Croiser les temporalités

Les glaciers grand format de Julian Charrière ouvrent la danse – une référence à l’impact visuel de ces paysages devenus emblèmes du dérèglement climatique. À la glace s’opposent les terres volcaniques d’Asie du Sud et les palmiers d’huile de palme que leur éruption embrase.
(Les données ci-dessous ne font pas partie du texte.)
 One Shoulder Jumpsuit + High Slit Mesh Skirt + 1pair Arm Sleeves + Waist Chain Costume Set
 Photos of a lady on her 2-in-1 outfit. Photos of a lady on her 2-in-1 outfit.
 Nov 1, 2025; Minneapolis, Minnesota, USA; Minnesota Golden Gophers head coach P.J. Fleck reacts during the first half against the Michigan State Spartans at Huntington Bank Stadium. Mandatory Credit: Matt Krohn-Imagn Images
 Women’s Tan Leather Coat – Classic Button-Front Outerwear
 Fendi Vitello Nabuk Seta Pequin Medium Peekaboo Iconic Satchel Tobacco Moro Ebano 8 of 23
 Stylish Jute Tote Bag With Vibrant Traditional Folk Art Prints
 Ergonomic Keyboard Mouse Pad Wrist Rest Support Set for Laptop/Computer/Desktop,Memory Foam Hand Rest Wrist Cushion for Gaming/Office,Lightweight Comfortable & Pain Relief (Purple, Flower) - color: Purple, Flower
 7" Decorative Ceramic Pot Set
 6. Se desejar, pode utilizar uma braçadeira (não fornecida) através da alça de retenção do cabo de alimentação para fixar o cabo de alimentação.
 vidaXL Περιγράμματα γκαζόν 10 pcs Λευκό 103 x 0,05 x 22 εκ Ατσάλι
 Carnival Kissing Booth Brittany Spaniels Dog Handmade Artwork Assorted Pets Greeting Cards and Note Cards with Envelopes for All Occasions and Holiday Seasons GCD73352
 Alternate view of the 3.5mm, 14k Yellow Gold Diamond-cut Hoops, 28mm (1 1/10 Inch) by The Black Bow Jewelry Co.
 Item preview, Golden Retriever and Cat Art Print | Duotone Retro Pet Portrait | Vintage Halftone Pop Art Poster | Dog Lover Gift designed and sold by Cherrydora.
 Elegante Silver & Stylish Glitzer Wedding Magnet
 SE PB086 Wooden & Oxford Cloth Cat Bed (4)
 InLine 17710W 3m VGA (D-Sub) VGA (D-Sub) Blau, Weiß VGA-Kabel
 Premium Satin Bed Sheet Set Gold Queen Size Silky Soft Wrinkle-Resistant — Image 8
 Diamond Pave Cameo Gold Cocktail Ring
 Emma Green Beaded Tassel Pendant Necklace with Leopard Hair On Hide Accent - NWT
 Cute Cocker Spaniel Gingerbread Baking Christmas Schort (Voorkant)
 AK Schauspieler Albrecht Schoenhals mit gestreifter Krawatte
Au centre de la pièce, dans ce décor apocalyptique, une lava lamp gigantesque rempli d’huile de palme s’amuse de l’absurdité des effets de mode : dans cet objet, populaire dans les années 1990-2000, on lit le symbole d’une exploitation.

An Invitation to Disappear - Sorong, Tirage photographique 2018 © Julian Charrière © Adagp, 2025
An Invitation to Disappear – Sorong, Tirage photographique 2018 © Julian Charrière © Adagp, 2025
.cóm 2025 Image 3D © Prune Phi © Adagp, 2025. Une co-production de la Fondation Martell.
.cóm 2025 Image 3D © Prune Phi © Adagp, 2025. Une co-production de la Fondation Martell.

Prune Phi, ensuite, tisse un lien entre la grande histoire et ses propres archives familiales en connectant le passé de son « grand-père vietnamien, fondateur d’un restaurant appelé La Rizière à [s]es recherches sur ces terrains en Camargue ». Deux temporalités qui se retrouvent dans un plateau de cuisine à roulettes, où les verres à saké deviennent des loupes révélant des images cachées.

À l’étage, le temps passe alors que l’altitude change. Julien Lombardi dévoile Planeta, un travail sur le Mexique au cœur duquel il développe « un imaginaire du spatial, d’un point de vue anthropologique, en croisant science et science-fiction ». Jouant avec l’infrarouge et l’ultraviolet, il transforme les déserts terrestres en panoramas martiens, capturés par des rovers fictifs.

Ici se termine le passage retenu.